= Racesafe Marshals Association =

The Racesafe Marshals Association is the organisation that provides marshals for the British Superbike Championship, the British round of the MotoGP world championship, the British rounds of the Superbike World Championship and for some other motorcycle races in the United Kingdom.

Racesafe was formed following initial meetings with the newly formed Motor Circuit Racing Control Board in October 1995. Subsequently the first marshal training day was held in February 1996 at Donington Park and the first meeting marshalled by Racesafe took place at Donington in April of that year.

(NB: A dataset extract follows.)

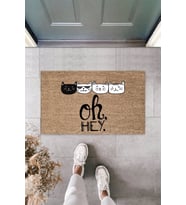 Dormot Modern Dijital Baskı Oh Heyy Kedi Temalı Kapı önü paspası (Bej)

Racesafe was created one year after the Motor Circuit Racing Control Board (MCRCB), which was formed to run the newly inaugurated British Superbike Championship for the 1995 season. Previously in the UK, national championship races had been organised under the auspices of the Auto-Cycle Union (ACU), with individual rounds marshalled by members of clubs local to the circuits where they took place. The intention of the MCRCB was to run a more commercial championship series than had previously been the case. With this objective a new marshals' organisation was convened, with the aim of ensuring that the marshalling was of a high and consistent standard at all championship rounds. This remains the aim of the association.

Organisation of Racesafe was loosely based on the system of marshalling for car racing in the United Kingdom, in that training was compulsory for all marshals, and that training had to repeated at intervals to remain a member. Up to 2011 Racesafe marshals were required to retrain every two years to remain members. At the end of 2011 this requirement was changed to every three years for marshals who have completed two training days and perform satisfactorily at the required number of events. On-line training and testing was introduced in 2013 for fully experienced marshals. Racesafe also introduced compulsory uniforms for marshals and issued all those completing training with an association membership card which could be used to marshal at any British Superbike round, a training record card, and for novice marshals an attendance card. Racesafe Marshals who have completed their first training day are considered to be novices until they have completed at least 12 days marshalling and a second training day.

In 2018 Racesafe Marshals Association are responsible for supplying marshals to the British Superbike championship, the World Superbike Championship round at Donington Park, and the UK MotoGP round at Silverstone. In addition they also support the No Limits Racing club series.